------ Extracted entries

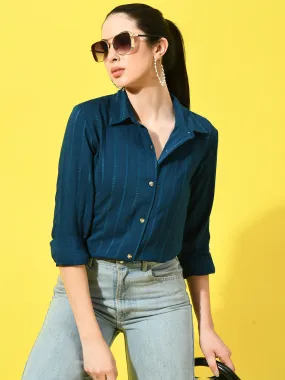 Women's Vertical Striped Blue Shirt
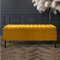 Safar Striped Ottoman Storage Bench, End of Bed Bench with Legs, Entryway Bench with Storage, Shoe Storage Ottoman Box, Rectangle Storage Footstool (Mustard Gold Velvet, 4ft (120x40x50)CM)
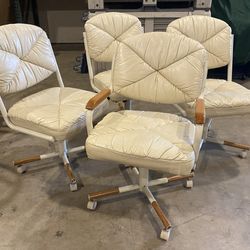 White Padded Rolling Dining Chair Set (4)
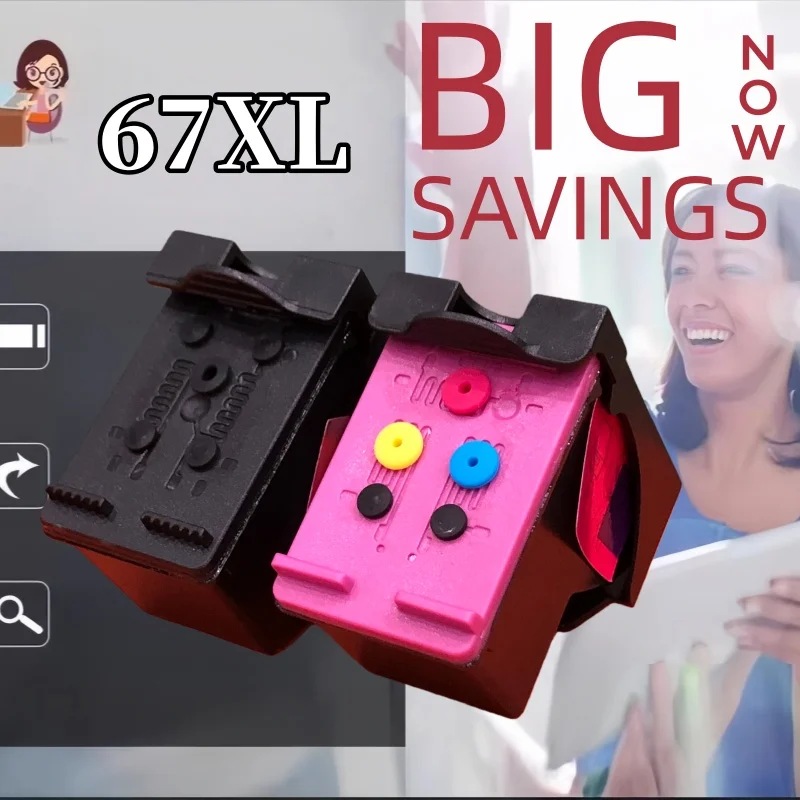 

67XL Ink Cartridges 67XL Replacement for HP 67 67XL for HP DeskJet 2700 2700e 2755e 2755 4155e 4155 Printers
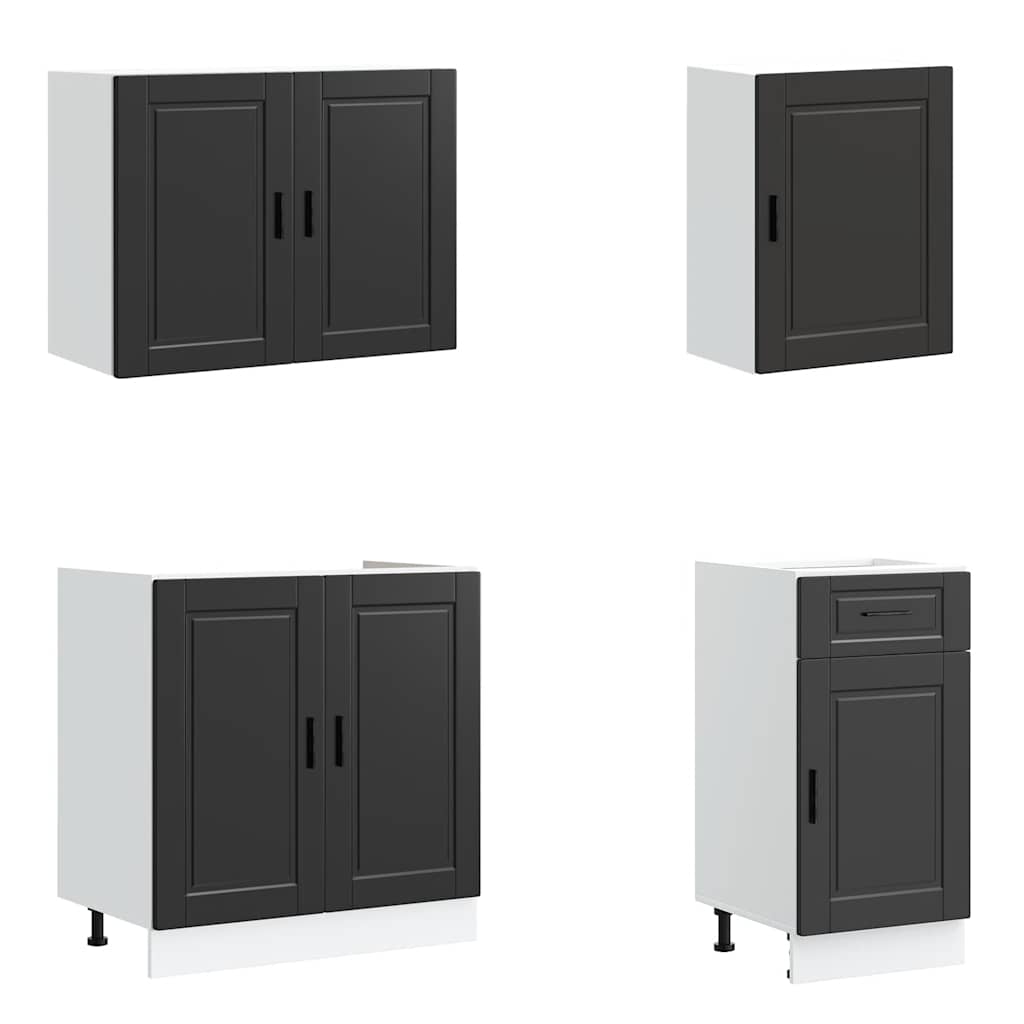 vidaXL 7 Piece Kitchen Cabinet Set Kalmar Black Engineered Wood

------------
------ Extracted entries

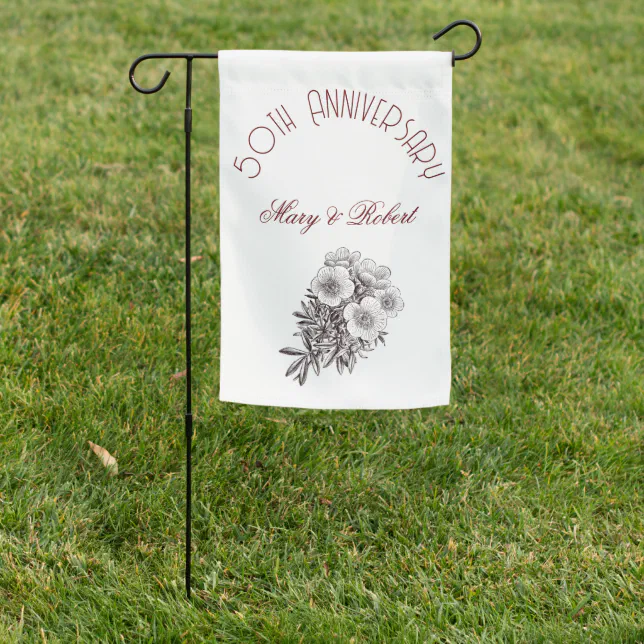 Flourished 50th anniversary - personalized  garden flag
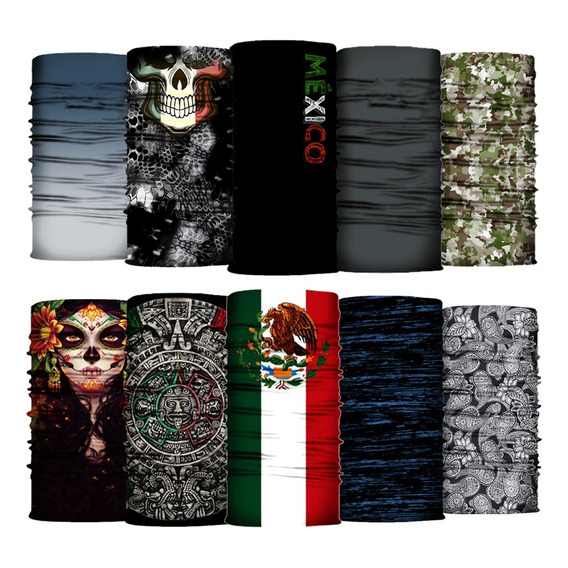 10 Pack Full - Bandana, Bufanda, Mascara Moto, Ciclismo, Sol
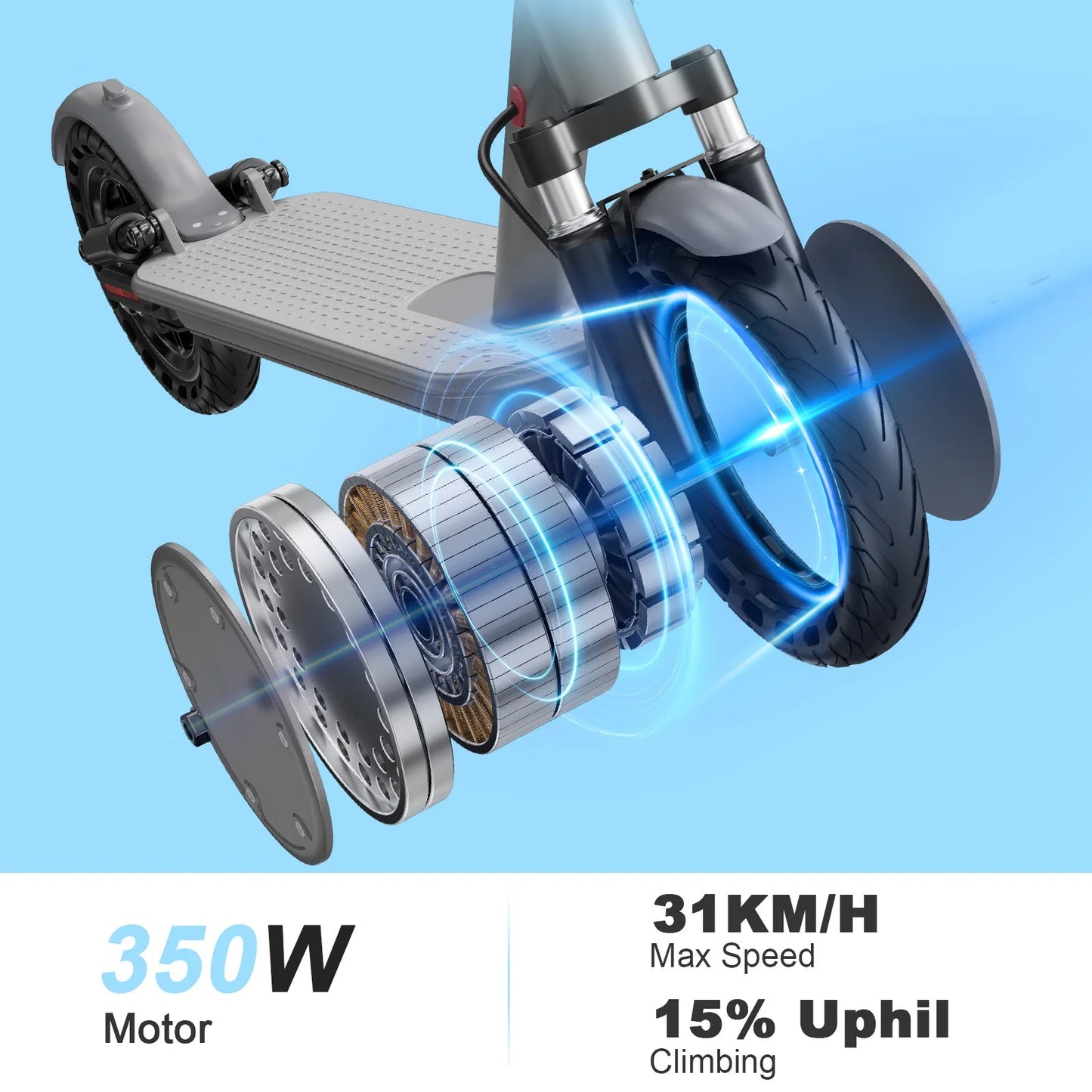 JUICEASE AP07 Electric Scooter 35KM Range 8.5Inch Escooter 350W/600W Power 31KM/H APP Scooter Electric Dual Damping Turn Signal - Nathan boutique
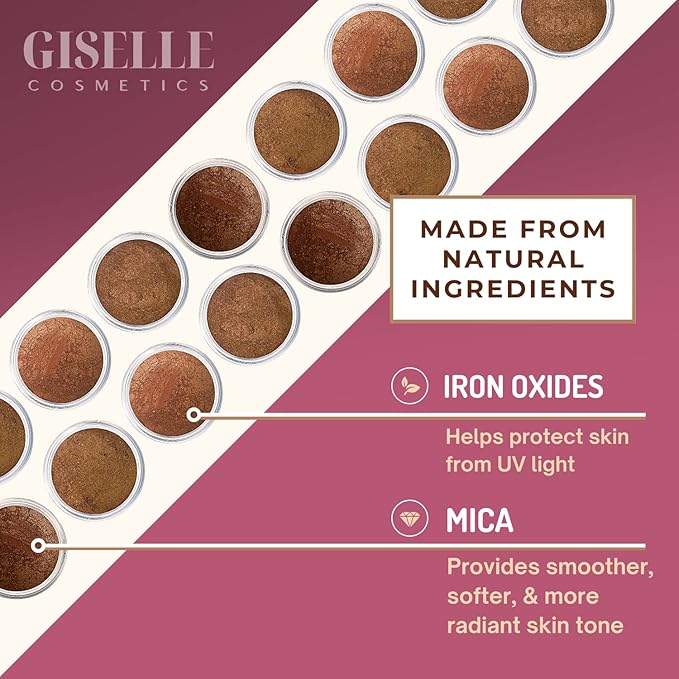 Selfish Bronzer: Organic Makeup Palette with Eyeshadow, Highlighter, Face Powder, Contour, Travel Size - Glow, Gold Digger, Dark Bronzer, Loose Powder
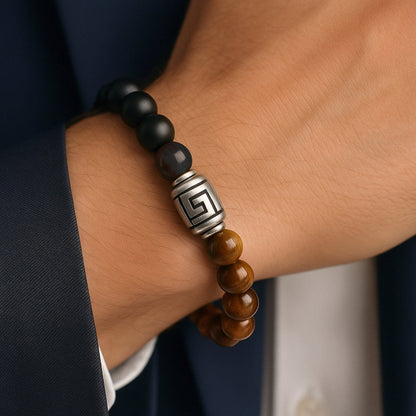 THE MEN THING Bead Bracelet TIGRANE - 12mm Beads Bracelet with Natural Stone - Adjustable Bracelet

------------
------ Extracted entries

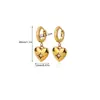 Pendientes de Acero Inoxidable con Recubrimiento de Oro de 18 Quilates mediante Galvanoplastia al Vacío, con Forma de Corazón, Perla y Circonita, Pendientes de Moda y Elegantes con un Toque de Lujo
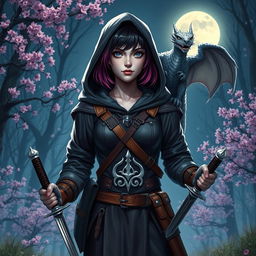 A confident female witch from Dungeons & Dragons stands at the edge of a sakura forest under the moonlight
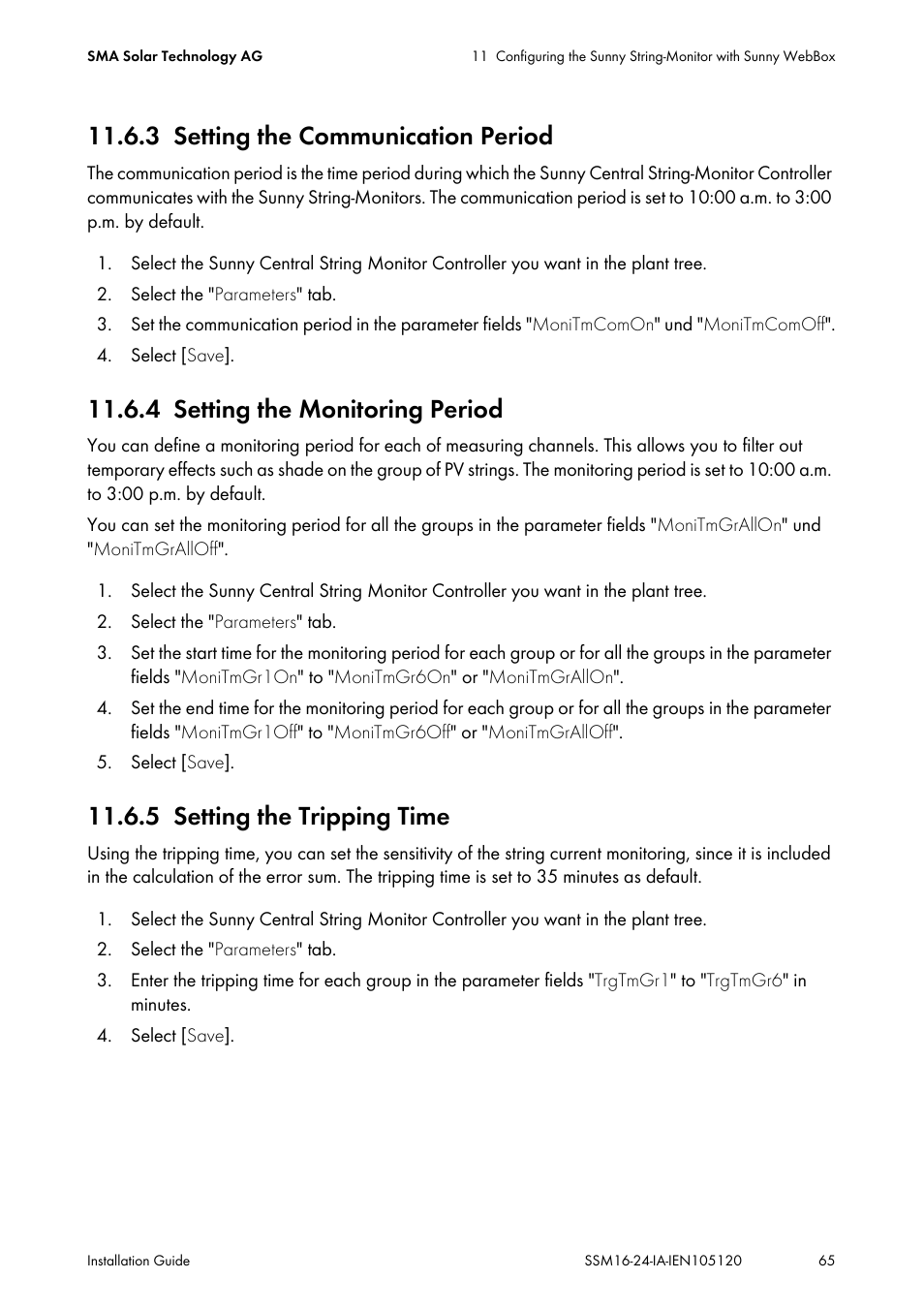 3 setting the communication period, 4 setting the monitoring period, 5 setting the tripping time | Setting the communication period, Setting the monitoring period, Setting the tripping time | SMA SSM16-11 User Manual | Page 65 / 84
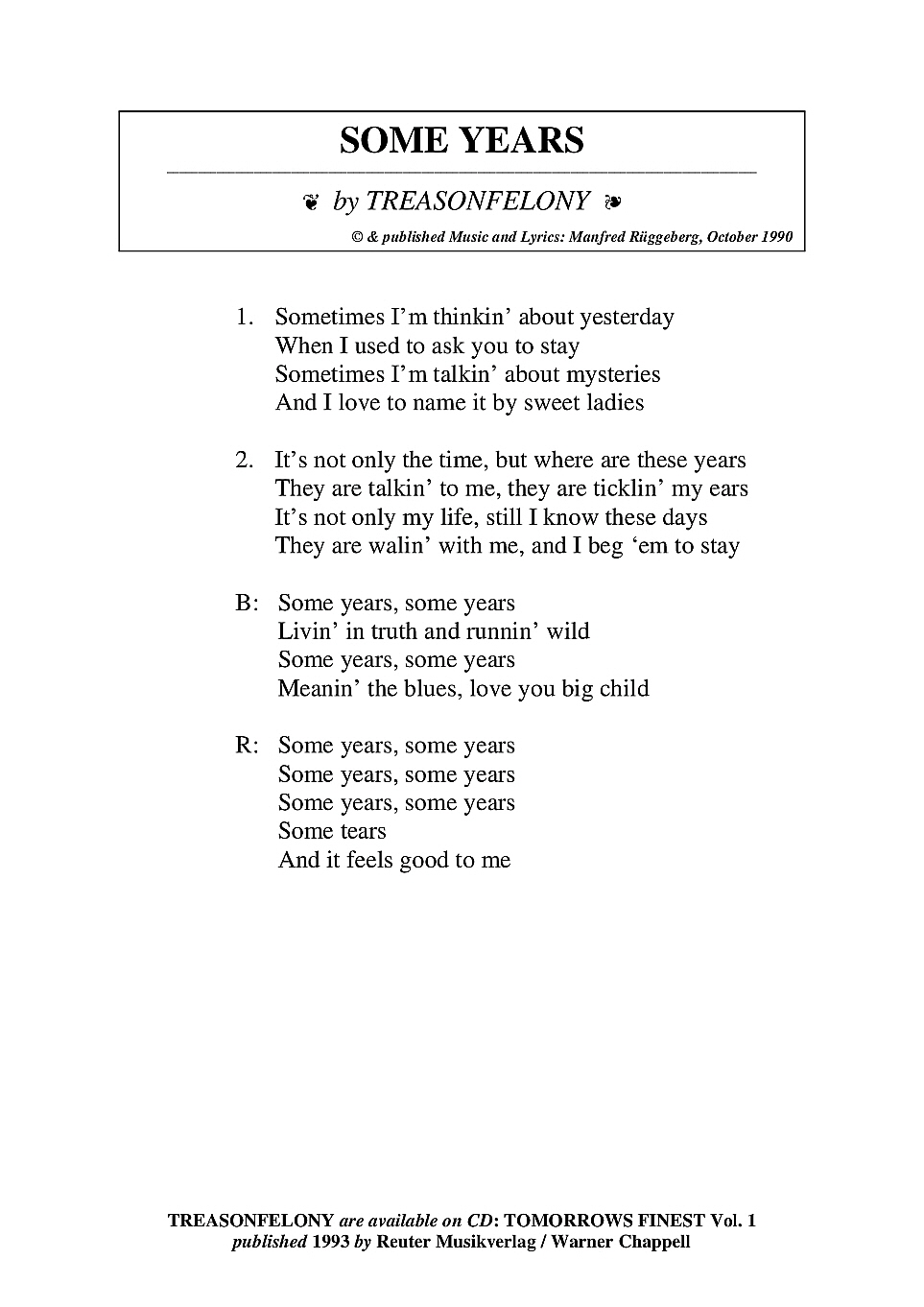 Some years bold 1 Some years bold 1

------------

§ Task to carry out
Start with the line with "A confident female" in the listing above and stop after the line with "Some years bold 1 Some years bold 1". Write out exactly the lines in that stretch and no others, without pictures.

§ Exercise answer
 A confident female witch from Dungeons & Dragons stands at the edge of a sakura forest under the moonlight
 3 setting the communication period, 4 setting the monitoring period, 5 setting the tripping time | Setting the communication period, Setting the monitoring period, Setting the tripping time | SMA SSM16-11 User Manual | Page 65 / 84
 Some years bold 1 Some years bold 1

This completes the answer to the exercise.